On Thu, Jan 14, 2010 at 12:44 PM, <VE4XT> wrote:
> I'm with Lindquist on this one: ham radio contests aren't typing class.
> Never were, never should be. As long as it's an honest typo, where it's
> clear that the operator did indeed copy correctly but merely typed
> incorrectly, changing an O to a zero is fair game.

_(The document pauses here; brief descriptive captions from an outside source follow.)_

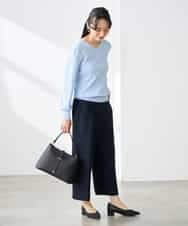 K3LGD19059 a.v.v Elmi(アー・ヴェ・ヴェ) 【低身長サイズ/接触冷感/UVカット】リネンライククロップドパンツ【セットアップ対応/アンチピリング】 ネイビー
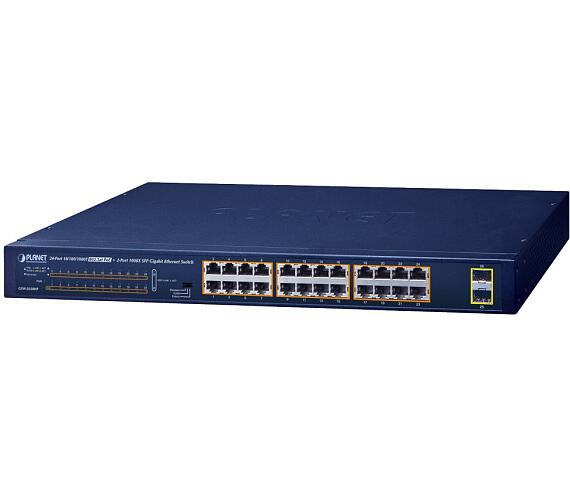 GSW2620HP PoE switch, 24x1Gb + 2x SFP 1Gb, VLAN, extend mód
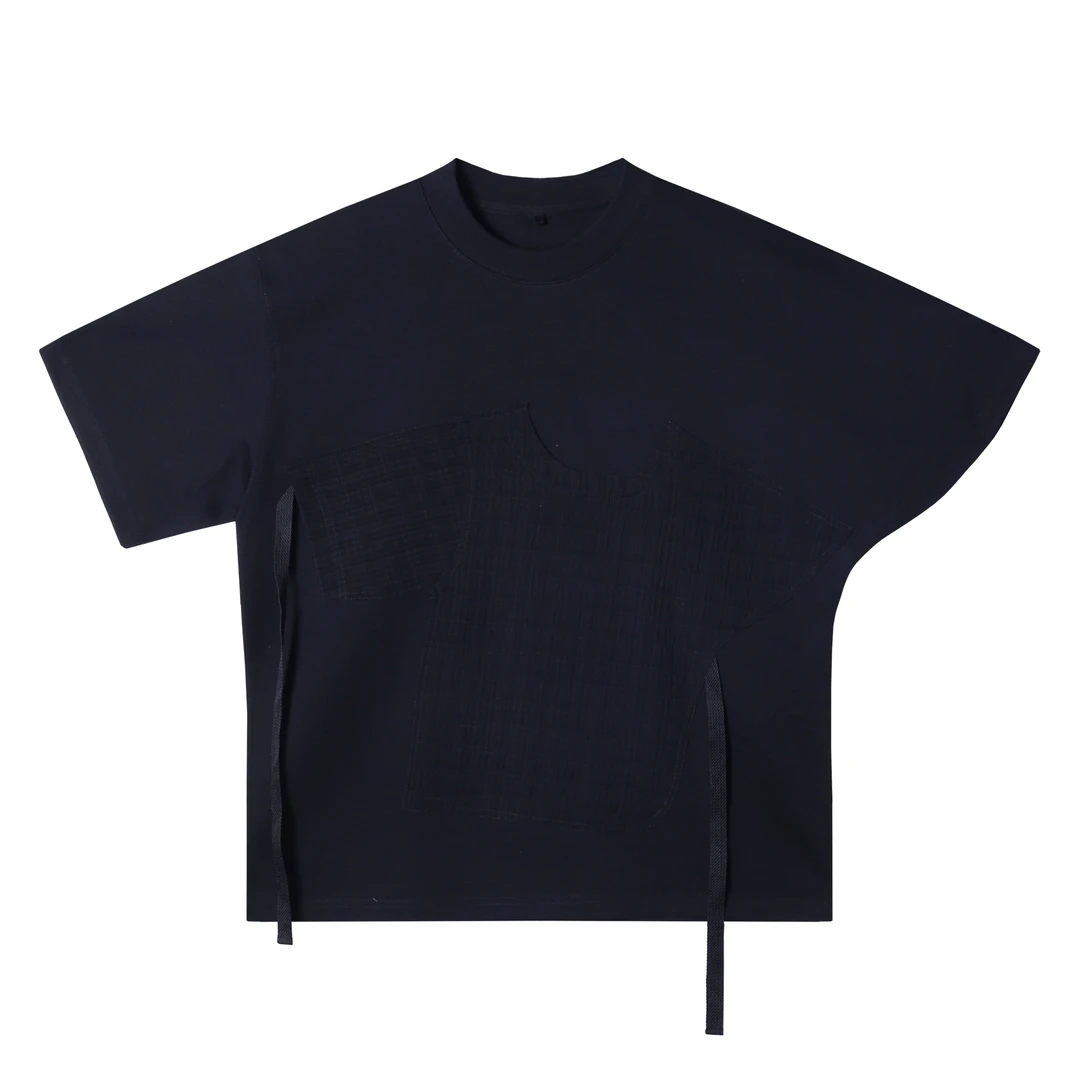 夏季高级感新款时尚百搭小众设计线条纯色复古简约基础圆领上衣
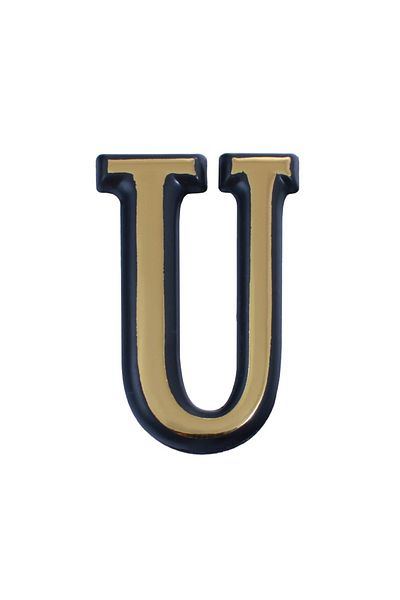 flores Plastic letter for gate / apartment, self-adhesive, gold, 100 mm, letter U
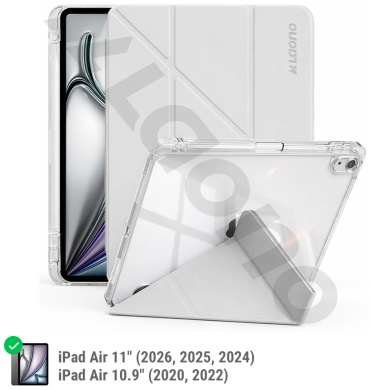 Чехол LAONO для Apple iPad Air 11 (2025), iPad Air 11 (2024), iPad Air (2022) 10.9 дюйм светло-серый, прозрачный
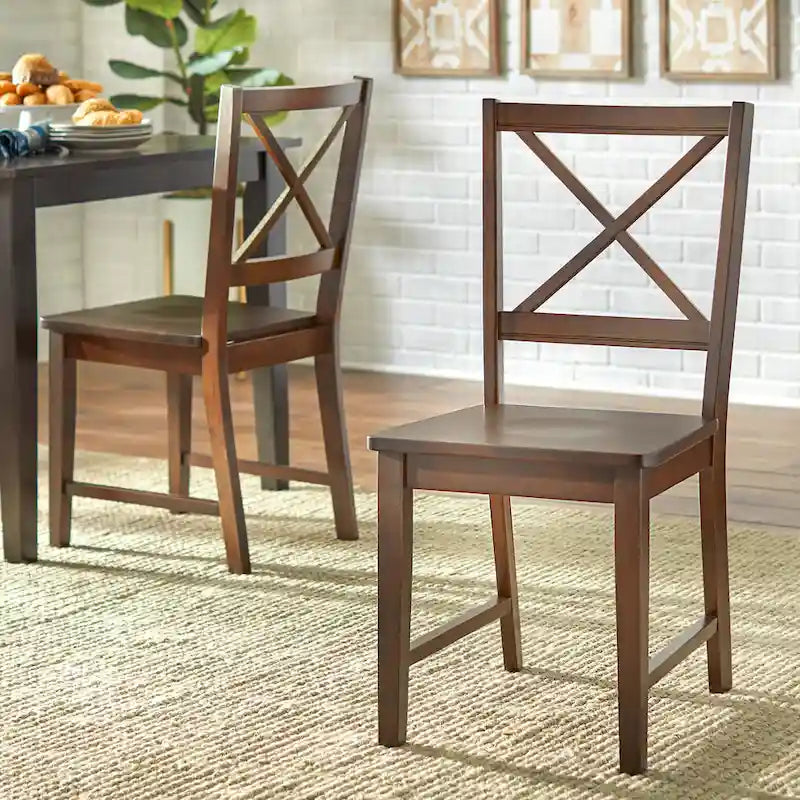 Set of 2 Solid Wood Crossback Dining Chairs by Simple Living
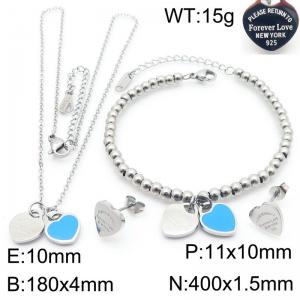 European and American fashion stainless steel blue double heart-shaped charm silver earrings&bracelets&necklaces 3-piece set - KS220125-KLX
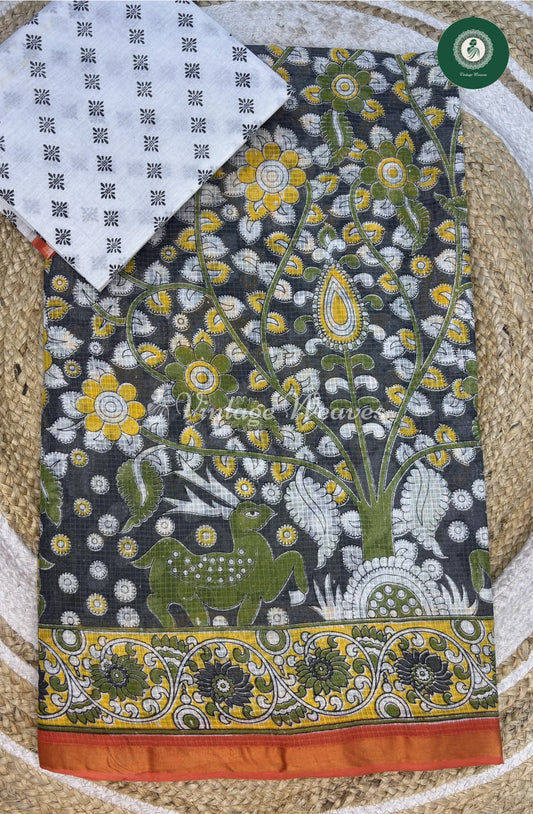 LightWeight Kota Cotton Saree Kalamkari-Grey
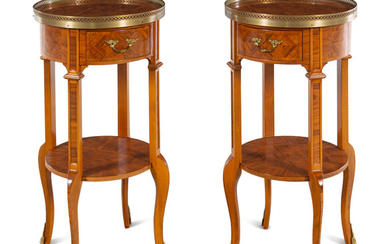 A Pair of XV/XVI Transitional Style Gilt Metal Mounted Parquetry Side Tables
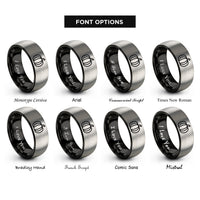 font options for inside engraving on black & silver pumpkin rings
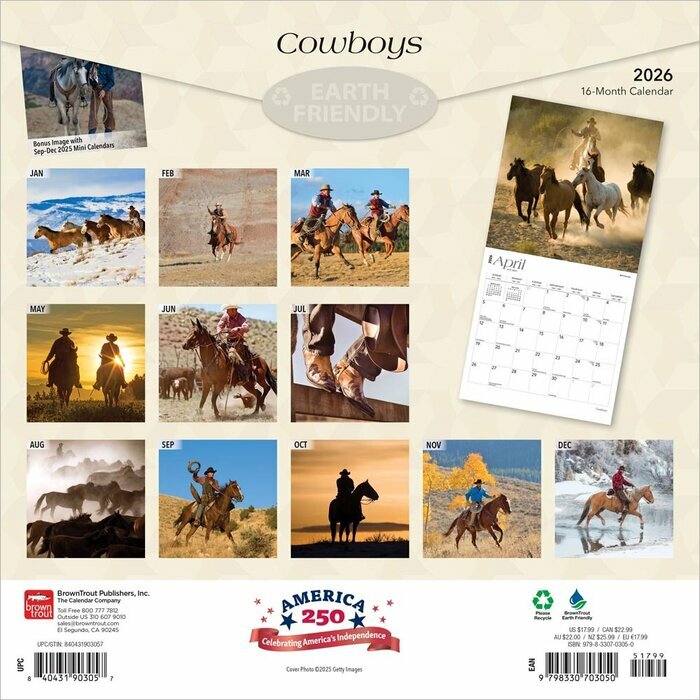 Calendrier Mural 2026 CowBoys Américains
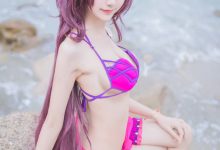[Cosplay]木绵绵OwO - 泳装斯卡哈 [21P]-美图岛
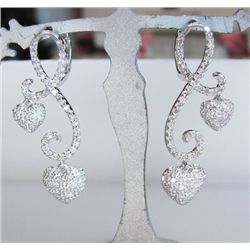 Double Heart Diamond Earring 1.42Ct 18K W/G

> It's really no different than in the paper days of logging when we would,
> while poring over dupe sheets (anyone remember those?) clarify what was
> written. We weren't changing what we copied, we were only making sure we
> could read it. Nobody claimed then that contesting was an exercise in
> penmanship!
Cleaning up sloppy penmanship is different from changing what you
typed (or wrote).
K1AR once said "All you have to do is copy the call and type it into
the computer. It doesn't seem like too much to ask ops to do those two
things correctly." Put that way, it's hard for me to disagree with
him, and I don't scan my log for typos after the contest. I sometimes
lose a few QSOs in a contest for fat-fingering and maybe a mult or
two. I can live with that.
I don't think I've ever moved down a notch due to typing errors.
Even the highest contest run rates I have ever heard of (490
QSOs/hour) are quite easily two-finger hunt-and-peck typeable.
Assume you are in an ARRL DX contest, working exclusively 6-letter
calls at 500 per hour, and having to type a two-letter state
abbreviation (plus the ENTER), that's 4500 characters per hour, 90
words per hour (at 5 per word), or 1.5 words per minute. Or take
SS...assume you are running all 6-letter callsigns, all with 4-digit
serial numbers, 3-letter section abbreviations at 300/hour. 4800
characters/hour, 96 words per hour...
Neither of these is much of a typing test.